How to Help Your Grieving Friend

“I do not know what to do.”
“I don’t want to disturb her.”
“I feel so uncomfortable.”
Sound familiar? Unless we have personally experienced grief—and sometimes even then—we often feel uncomfortable around grieving people. We tell ourselves that they need space or that there are people better suited to offer comfort. We text them and tell them to let us know if there’s anything we can do.
Our discomfort can make them feel even more alone.
So what can we do? How can we put their needs ahead of our own concerns and show up for our friend (literally or figuratively)?
Listen.
This is number 1, 2 and 3 on the list. If your friend wants to tell you the same story about her for the eighth time, listen up. If he wants to scream and scream and cry, don’t try to cheer him up; Listen. Don’t check your phone or watch. Instead, listen carefully and validate your friend’s feelings. You can’t make up for their loss, but by listening, you can help them process it.
Talk about yourself.
We may not want to bring up the deceased because we “don’t want to remind them.” Here’s a fact: you haven’t forgotten. If you knew the person, tell your friend a story about them or share the memory in a letter. If not, ask questions. “How was her name?” “How did you meet?”
Your girlfriend can’t make new memories with her person. Sharing old memories is a way for them to feel close to them and maybe even learn something new. It also shows that your words are not just superficial. It’s the difference between saying you’re sorry and showing that you care.
But always follow the lead of the mourner. If she says she doesn’t feel like talking or shuts down, don’t take it personally. Your goal is to be there for her in whatever way she finds useful.
send pictures.
If you have any pictures or videos of yourself, be sure to send them along. When my daughter died, a friend sent me a 3 minute video of her that was taken ten years ago. I’ve watched this video about 752 times and it made me smile at every one of them. It also pierces my heart, but my heart is pierced nonetheless. Submit the picture or video. It’s never to late. Even if you find it a year or three after the burial, send it.
Make a note of important dates.
Expect that birthdays, those of your friends and their loved ones, can be particularly difficult. The same applies to the day of death of the person. And then there are holidays, which can also be heartbreaking. Make a note on your calendar to remind yourself to get in touch. As the years pass, the pain will likely take a different form for your friend, but important dates serve as time markers that have passed since death and can bruise forever.
Plant something.
Planting a tree or flowering bush is a beautiful tribute to the deceased.
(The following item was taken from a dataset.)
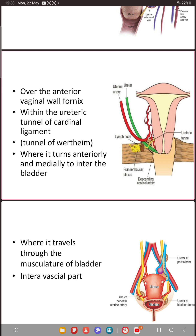Another common site for injury is at the anterior vaginal wall fornix, where the ureter enters the tunnel of Wertheim. You need to dissect this tunnel during Wertheim's operation, and when due to inflammation or malignancy there is displacement of the ureter to one side, it can get injured during dissection. You should be able to identify the position of the ureter before dissecting.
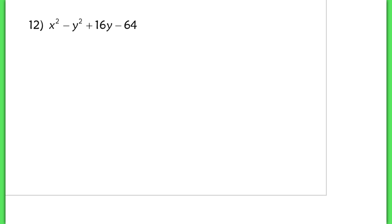Now for our last question, number 12 looks a lot like number 10 — we see 4 terms, so it's not a multivariable question that factors like a normal trinomial. In this case, I notice that I have y squared plus 16y minus 64, which I can factor, but it doesn't factor into something nicely.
If your friend has space, ask her if you would like to make it for her in her own backyard. If not, see if there’s a community garden or other public place nearby to plant. It’s not just a way of thoughtfully commemorating the person; It also gives the mourner something to take care of over time.
Watch out for your children.
Don’t forget your friends’ children who may be overlooked in the chasm of grief. Even if it’s their loss as well, people are likely to focus more on the adults.
The night my sister died, my mother’s best friend cornered me and said, ‘You have to take care of your mother now. Losing a child is too much for anyone.”
“How can I take care of my mother?” I wondered. “Won’t she take care of me?”
Even if the children did not know the person who died, they live with their parents’ grief and could use a little more care and attention.
If you feel awkward and uncomfortable, it’s because grief is actually uncomfortable and uncomfortable. Accepting that and showing up anyway is the best way to help your friend.